The ideal range for winterizations is from the beginning of October to the middle of December. Simply put, if you get this done before the official start of winter you should be fine. However, getting done earlier would be recommended.
Shutting Down & Insulating Your Sprinkler Systems
The first step to winterizing your sprinklers is to insulate the pipes before the first frost rolls in. To do this, the water supply that flows to your irrigation system will need to be shut off. Without water flowing through the pipes, you won’t be at risk of dealing with bursting pipes.

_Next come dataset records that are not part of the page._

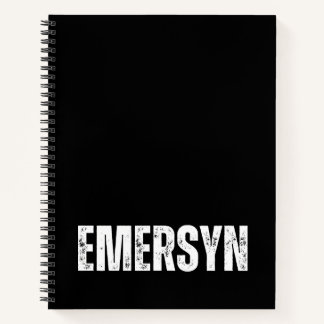 Gepersonaliseerd Notitieboek met Emersyn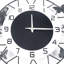 Horloge murale en métal 9,5 "Atreo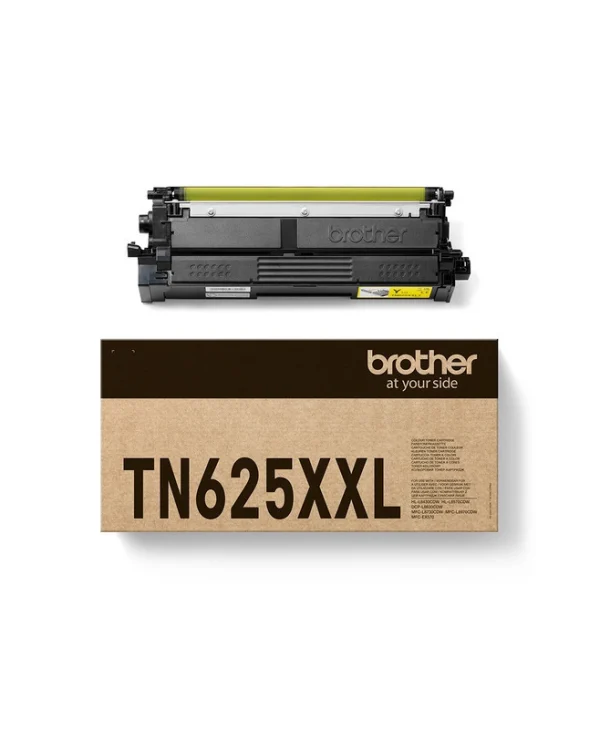 Brother TN-625XXL Γνήσιο Toner Laser Εκτυπωτή Κίτρινο Extra High Yield 6500 Σελίδων TN625XXLY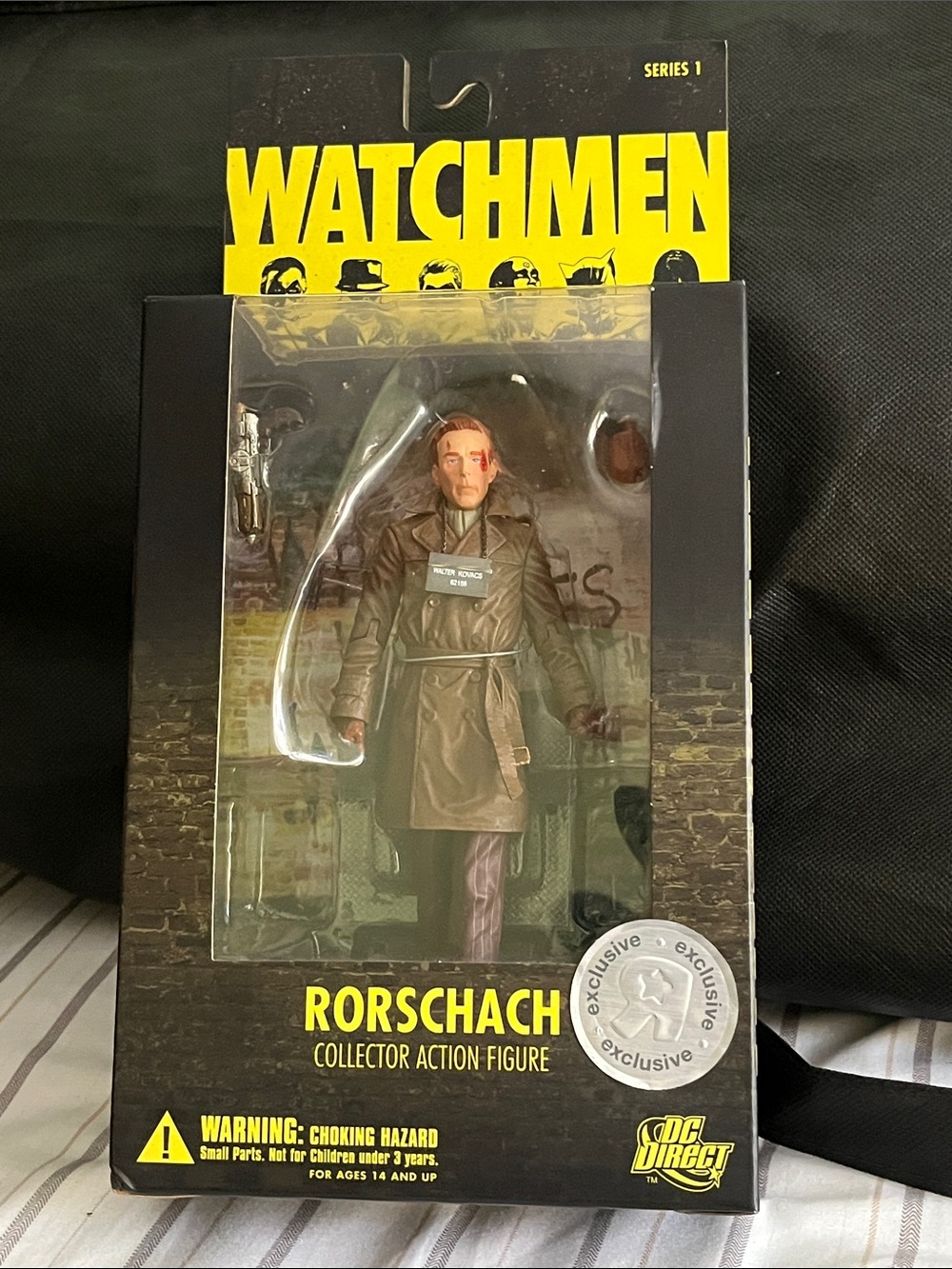 Watchmen Rorschach Collector Action Figure - series 1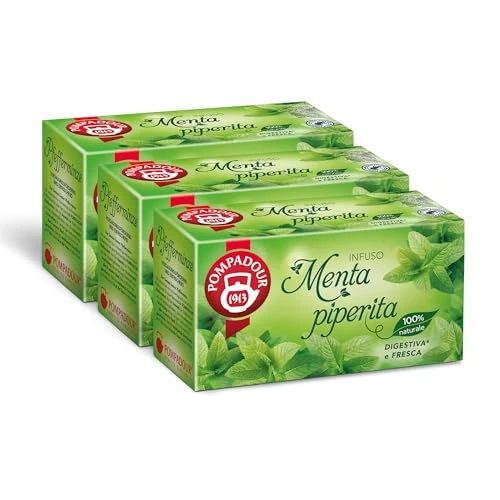 Limited-time offer: Pompadour, Peppermint Infusion, 60 Filters (3 Packs of 20 Filters), Digestive & Fresh, RFA-Certified, 100% Natural, Lactose, Gluten & Allergen Free, Vegan from 15.80 GBP to 15.80 GBP (save 0%)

Next, the main water valve will need to be insulated. The valve is at risk of freezing during the winter, so to prevent this from happening you need to insulate it. This can be done by taping a plastic bag over the valve with insulating tape. If there are any sprinkler pipes above the ground you need to insulate those too.
Empty the Backflow Device
The next step is to get rid of any water left in your system’s backflow device. All the ball valves for this device need to be opened up to complete this process. To find the valves, check along the piping to find ones that appear to have large, flat-headed screws. They will need to be turned to a 45 degree angle to be opened.
The valves will be left at this angle through the duration of the winter, and will need to be reset once the spring arrives. To ensure you complete this process properly, consider working with a licensed landscaper.
Removing Excess Water
Even after everything is shut down, there may be some excess water resting in the pipes. If this water freezes it could damage the entire system, so it will need to be drained.
If you have an automatic drain valve, your pipes are automatically cleared out once the system goes off. Keep a close eye out for wet areas in your yard after, since this might mean there is an issue with one of the drains. If you have a manual valve, you may need to use an external device to manually drain the water.
A common technique used for clearing out water is blowing out the pipes with an air compressor. Please be careful with the device you use, because using the wrong one can damage the entire system. Working with a professional landscaping team is advised if you want to go down this route.